Jacki Kellum

Juxtapositions: Read My Mind

Category: Depression

When What You See Is Not What You Get – Symbolism in Art and Writing

Symbolism is a peculiar game. You say or paint one thing, but you mean another, and the odd thing is that you really want people to figure what that other thing is all about and yet, you camouflage your meaning. It is rather like the silly game that is played by petty wives.  When their husbands hurt their feelings or if their husbands forget birthdays or anniversaries, the wives sulk.

The husband asks, “What’s wrong?”


“But I know something is wrong.”

Even though the woman protests that something has upset her, she behaves as though something has, and she wants the husband to guess what that something is. It is as though the true test of love is clairvoyance. If another person can see deep into my soul, he wins.

When I was married, I wanted nothing more than for my husband to stop on his way home, even if it was on a deserted lot, and to pick me bunches of wildflowers or daisies or red clover or whatever else that he could find. But he never did. A smarter wife would have simply said, “I need flowers from you at least once per month.” But that would have ruined the whole thing for me. I needed for my ex-husband to intuitively know that I needed flowers–even free flowers–at least once per month. I seemed to believe that if another person could read my mind, and if he could decipher all of my wants and my needs, he would be my one, true love. No doubt, that is a reason that I am divorced.

But I play that same kind of game with my art. Allow me to illustrate my point:


Thanksgiving Across the Lake – Watercolor by Jacki Kellum

A couple of years ago, I was home alone for Thanksgiving, and I was remembering Thanksgivings of my past–a time when family, hearth, and home seemed to glow a great deal more than they do for me now. I was a little bit depressed, and  I painted Thanksgiving Across the Lake.  I could write the long version of this post, explaining in detail that the painting and its meaning grew AS I painted it; but I’ll summarize by assuring you that I did not realize exactly what I was painting nor why until I completed the work.   By the end of the painting session [not before then], I knew how the final painting would look; I knew what the title would be; and I knew what the painting would mean.  Notice that the “evergreen” trees are hardly green at all. They are dark and bluish.  The Thanksgiving colors dance around my painting; but the most warmth–the greatest glow is not in the center of attention–not in the main grove of trees that are in the foreground. That was where I was standing in this piece, and that was a dark and foreboding place. The golden and glowing warmth of Thanksgiving was within sight but not where I was standing. It was across the lake, somewhere that I could not reach.

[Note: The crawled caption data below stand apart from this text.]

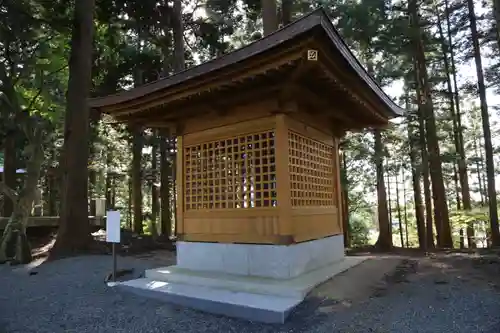 箟峯寺(宮城県)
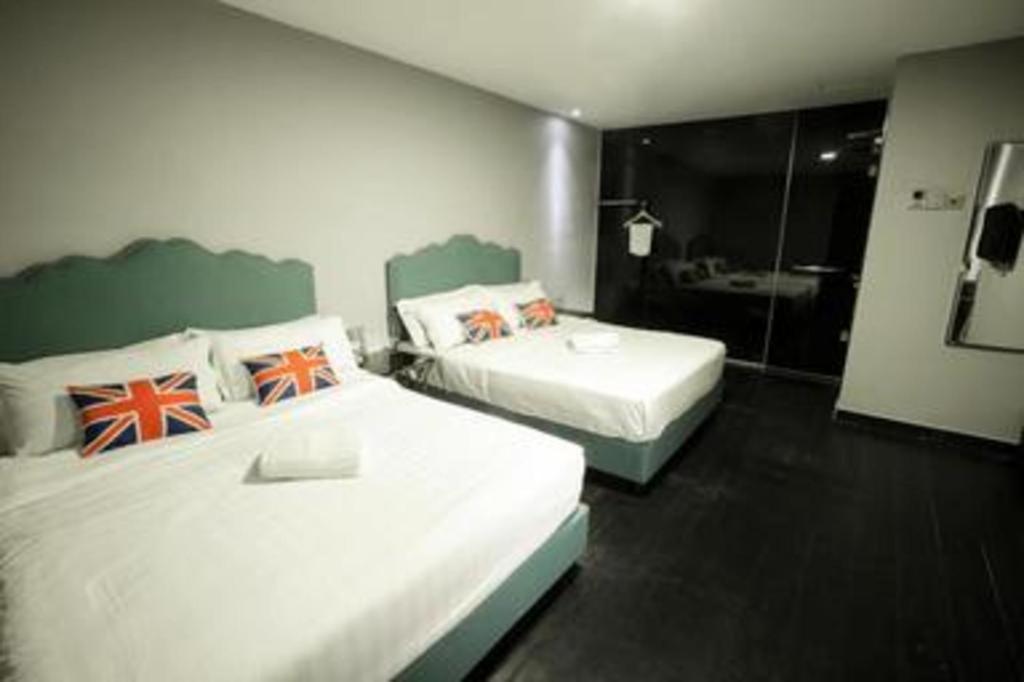 Artz Hotel Johor Bahru Exteriér fotografie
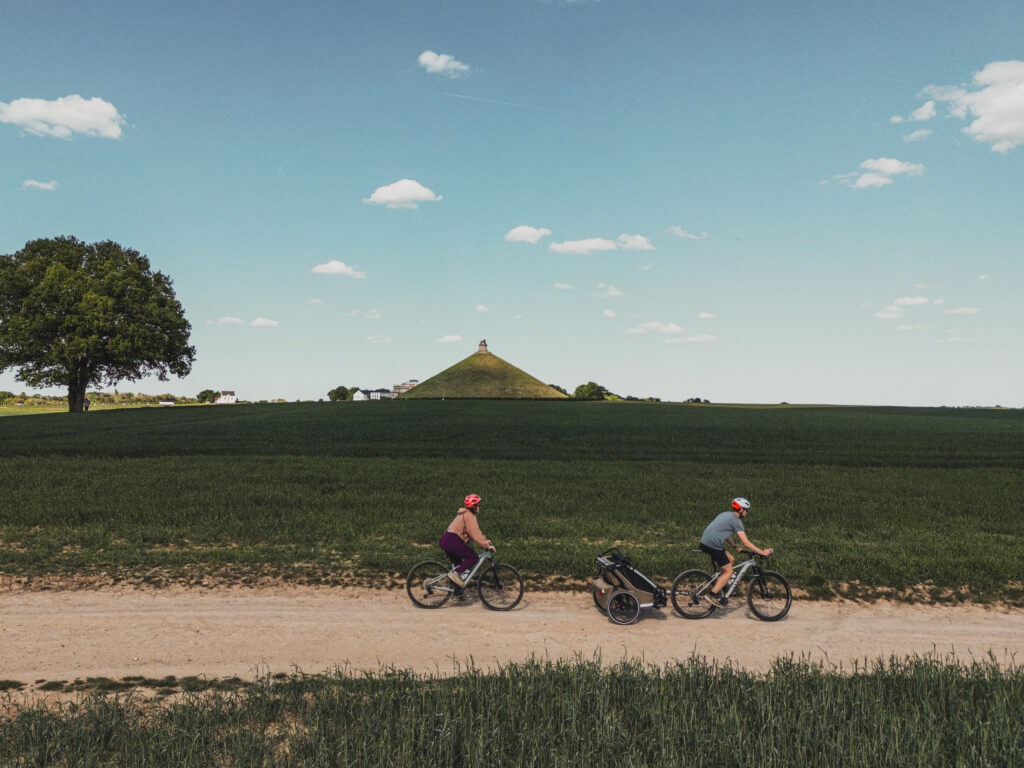 balade vélo en Belgique Bruxelles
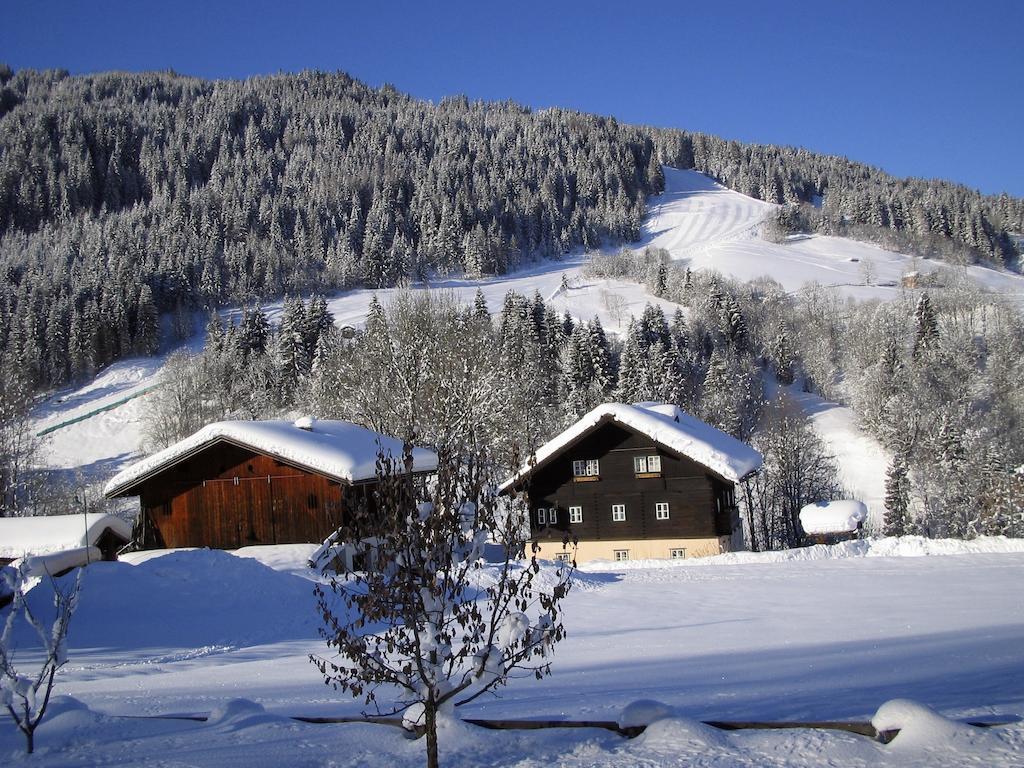 Apart-Pension Seiwald วาไกรน์ ภายนอก รูปภาพ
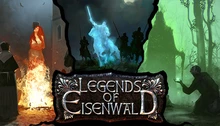 Legends of Eisenwald - Knight's Edition Upgrade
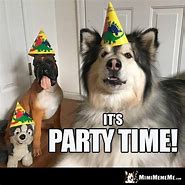 Image result for It's My Party Meme
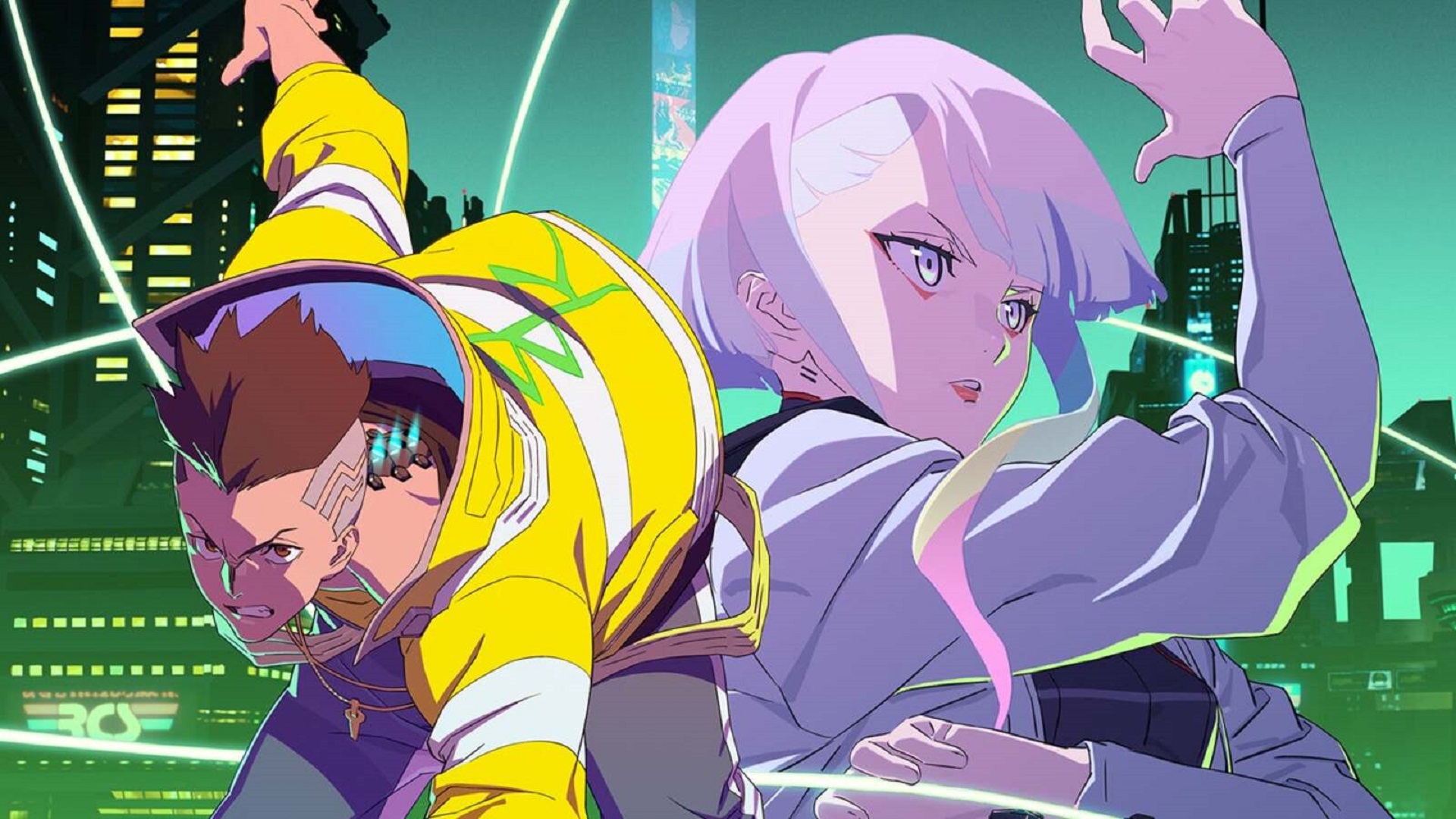 «Атака титанов» и «Киберпанк: Бегущие по краю» поборются за звание «Аниме года» на Anime Awards 2023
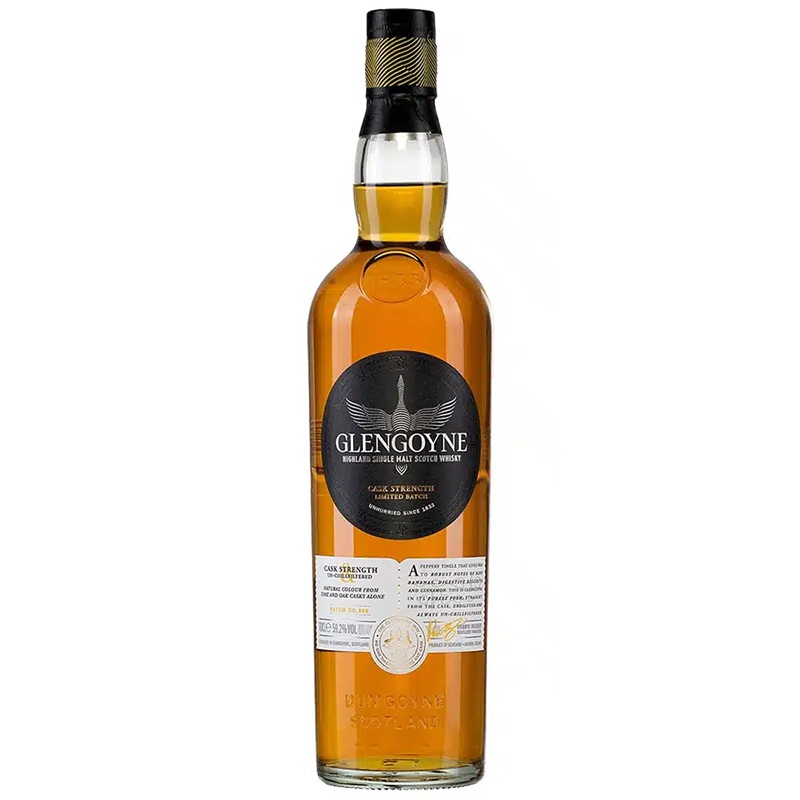 Glengoyne Batch Strength #10 59.5%
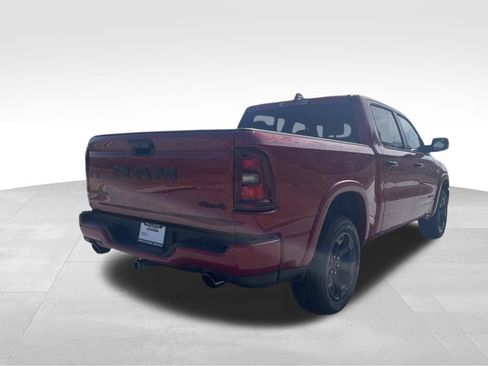 New 2026 RAM 1500 Big Horn AWD/4WD image 5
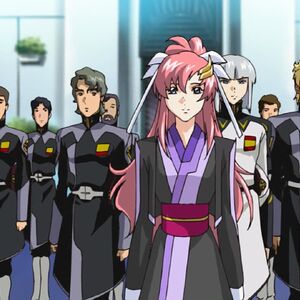 Wallpaper Shiho Hahnenfuss The Gundam Wiki Fandom For Android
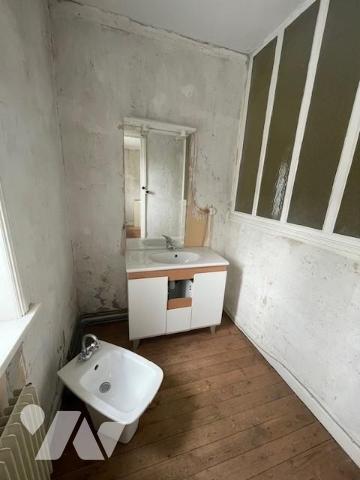 MERVILLE MAISON 3 CHAMBRES JARDIN GARAGE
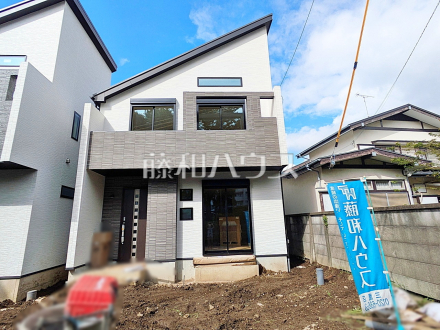 B号棟 外観 【三鷹市新川4丁目】/撮影日2026/09/05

In a symbolic way, my painting says that happiness and home were in a place that I could not trouch or access in any way.


December River – Watercolor Painted by Jacki Kellum

As I painted the creek or the river that is snaking its way across the snow in the above painting, I thought about Joni Mitchell’s song River.  I consider Joni Mitchell to be the greatest poet of my generation; and every time that I hear her sing River, tears well in my eyes.

Not wanting to try to ride on Joni’s coat tail, I initially decided to just name my painting December 1, but in writing this post, I decided to be totally honest.  My painting means more than December 1.  I am not Kandinsky, and my paintings are more than mere numbers.  My painting December River means that I, too, wish that I had a River I could skate away on……Thank you, Joni Mitchell.  No one has said it better than you.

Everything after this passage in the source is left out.